◆ **EXERCISE OBJECTIVE**:
Would you restate each line of the data below word for word, without its pictures?

◆ **GIVEN DATA**:
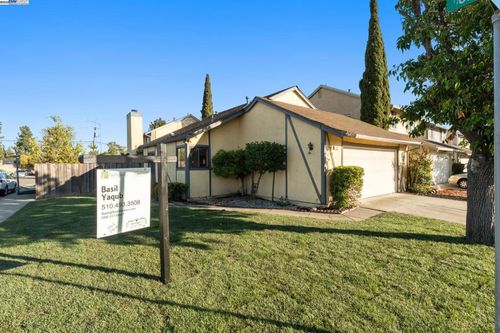 100 Boardwalk Way, Hayward, CA, 94544-6549 | Card Image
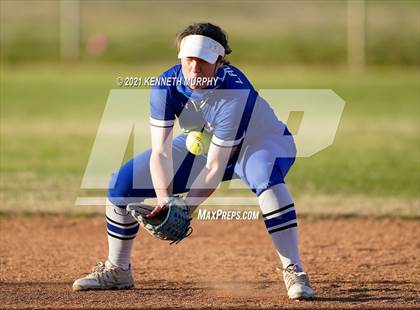 Thumbnail 1 in Alvarado vs Krum photogallery.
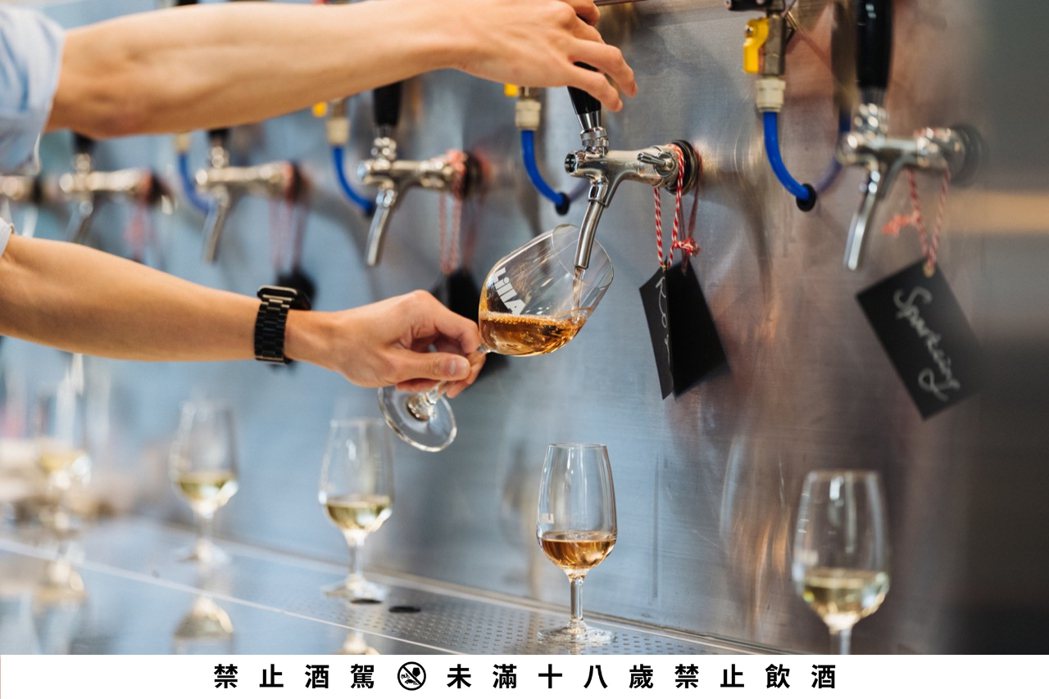 LillA 將 Tap Wine 引入新竹，讓佐餐紅白酒不需要開瓶，也可以有多種...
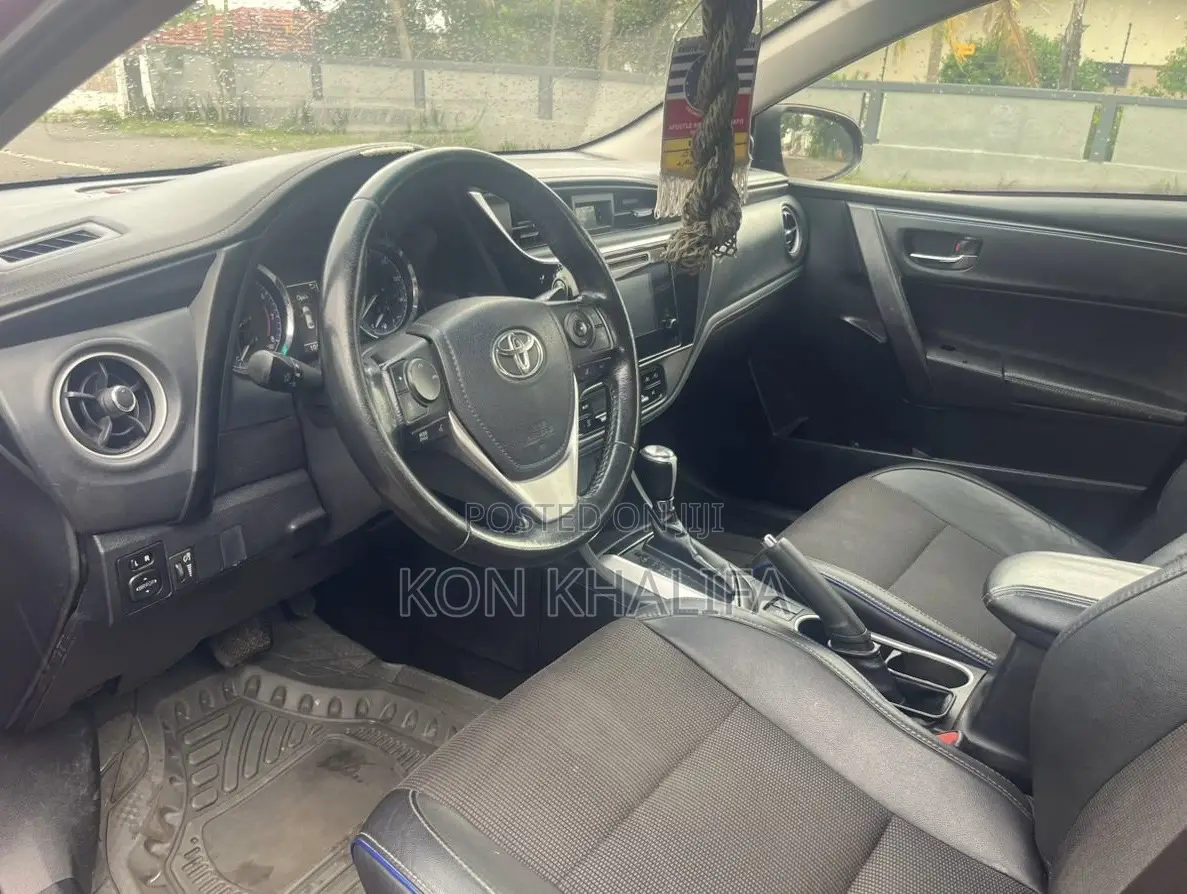 Toyota Corolla SE (1.8L 4cyl 2A) 2019 Red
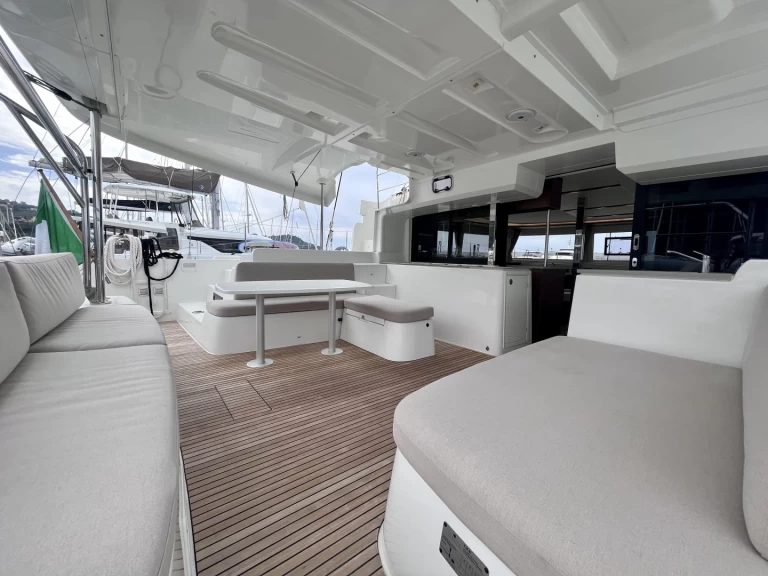 Wynajem w Capo d'Orlando- Lagoon Lagoon 46 na SamBoat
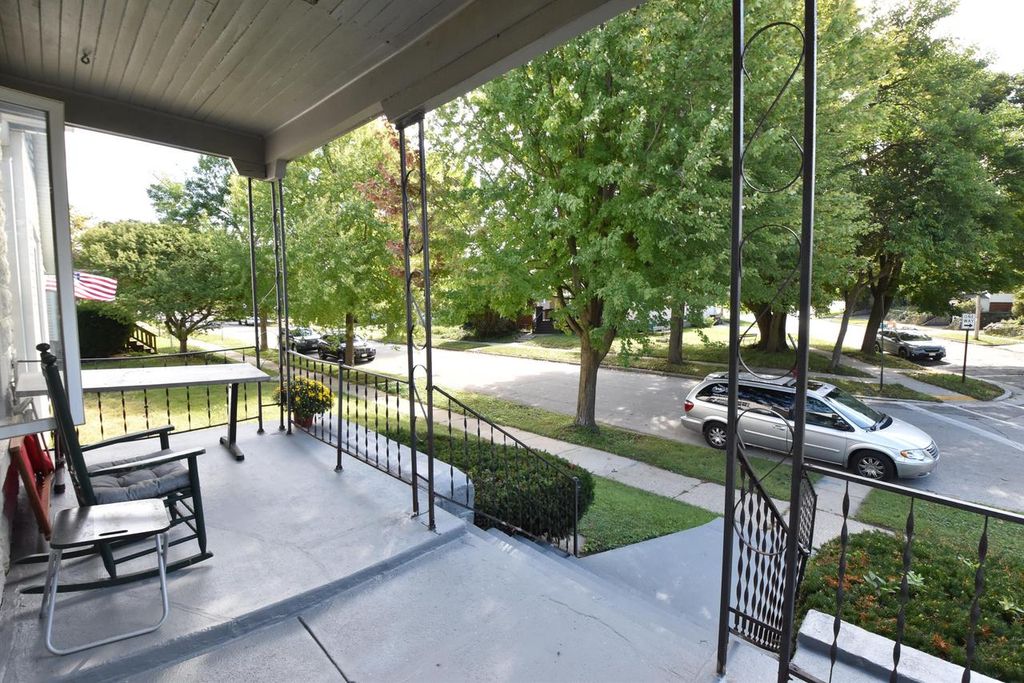 Photo of 2218 E Eden PLACE, Saint Francis, WI 53235 (MLS # 1934203)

◆ **RESPONSE FOR THIS EXERCISE**:
 100 Boardwalk Way, Hayward, CA, 94544-6549 | Card Image
 Thumbnail 1 in Alvarado vs Krum photogallery.
 LillA 將 Tap Wine 引入新竹，讓佐餐紅白酒不需要開瓶，也可以有多種...
 Toyota Corolla SE (1.8L 4cyl 2A) 2019 Red
 Wynajem w Capo d'Orlando- Lagoon Lagoon 46 na SamBoat
 Photo of 2218 E Eden PLACE, Saint Francis, WI 53235 (MLS # 1934203)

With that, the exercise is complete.